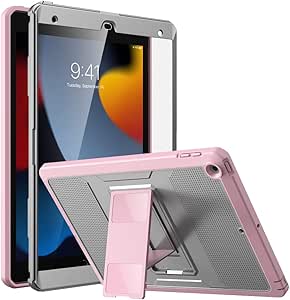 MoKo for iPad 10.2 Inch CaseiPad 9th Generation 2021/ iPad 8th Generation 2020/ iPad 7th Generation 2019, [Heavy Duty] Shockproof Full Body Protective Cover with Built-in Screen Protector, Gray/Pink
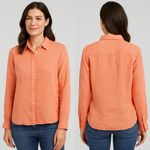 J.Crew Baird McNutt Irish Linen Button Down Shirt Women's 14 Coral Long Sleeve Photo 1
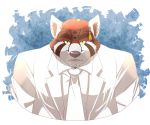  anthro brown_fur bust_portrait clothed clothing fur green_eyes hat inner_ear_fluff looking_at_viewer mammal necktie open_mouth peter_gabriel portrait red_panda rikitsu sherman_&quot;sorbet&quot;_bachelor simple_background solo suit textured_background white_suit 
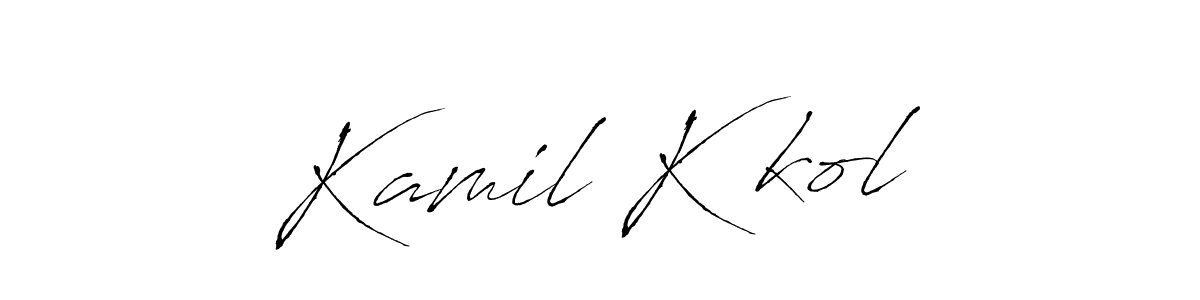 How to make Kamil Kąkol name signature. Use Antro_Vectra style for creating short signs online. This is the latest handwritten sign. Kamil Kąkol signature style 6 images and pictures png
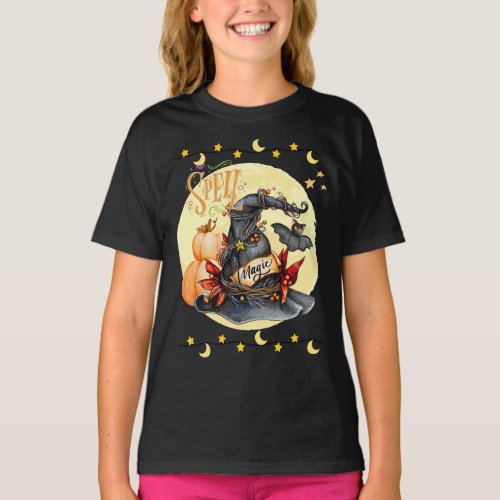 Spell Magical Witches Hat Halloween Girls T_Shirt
◆ ◆ ◆ ◆ ◆
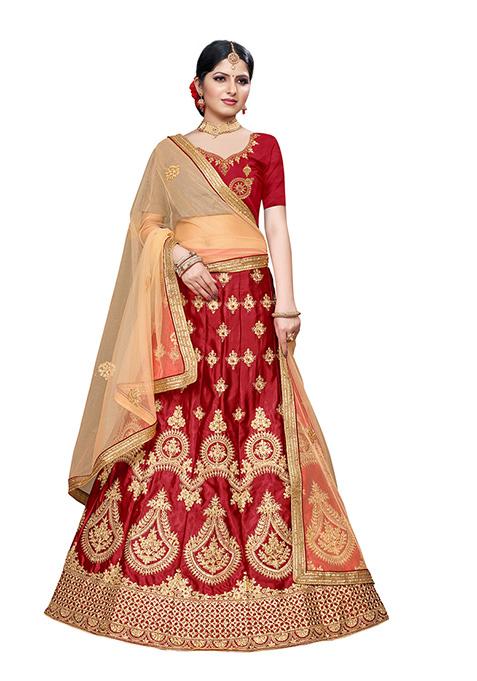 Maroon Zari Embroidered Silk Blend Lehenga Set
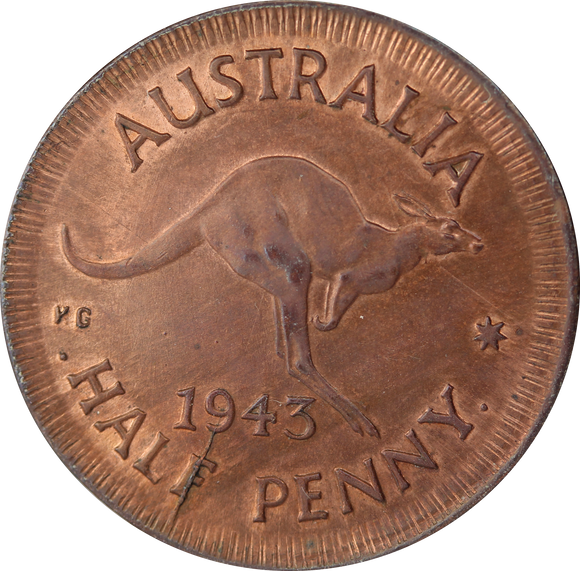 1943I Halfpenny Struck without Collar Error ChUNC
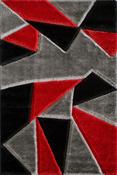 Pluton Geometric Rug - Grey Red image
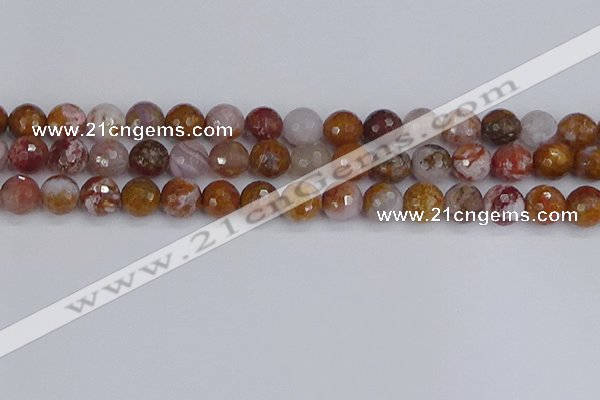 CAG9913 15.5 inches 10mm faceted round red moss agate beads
◆ ◆ ◆ ◆ ◆
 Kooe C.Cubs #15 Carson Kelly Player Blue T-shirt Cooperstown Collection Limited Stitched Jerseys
◆ ◆ ◆ ◆ ◆
## Your objective:
Repeat exactly, and only, the entries from the line with "MoKo for iPad" through the line with "Spell Magical Witches". Pictures are skipped.

## Solution below:
 MoKo for iPad 10.2 Inch CaseiPad 9th Generation 2021/ iPad 8th Generation 2020/ iPad 7th Generation 2019, [Heavy Duty] Shockproof Full Body Protective Cover with Built-in Screen Protector, Gray/Pink
 J.Crew Baird McNutt Irish Linen Button Down Shirt Women's 14 Coral Long Sleeve Photo 1
  anthro brown_fur bust_portrait clothed clothing fur green_eyes hat inner_ear_fluff looking_at_viewer mammal necktie open_mouth peter_gabriel portrait red_panda rikitsu sherman_&quot;sorbet&quot;_bachelor simple_background solo suit textured_background white_suit 
 How to make Kamil Kąkol name signature. Use Antro_Vectra style for creating short signs online. This is the latest handwritten sign. Kamil Kąkol signature style 6 images and pictures png
 Spell Magical Witches Hat Halloween Girls T_Shirt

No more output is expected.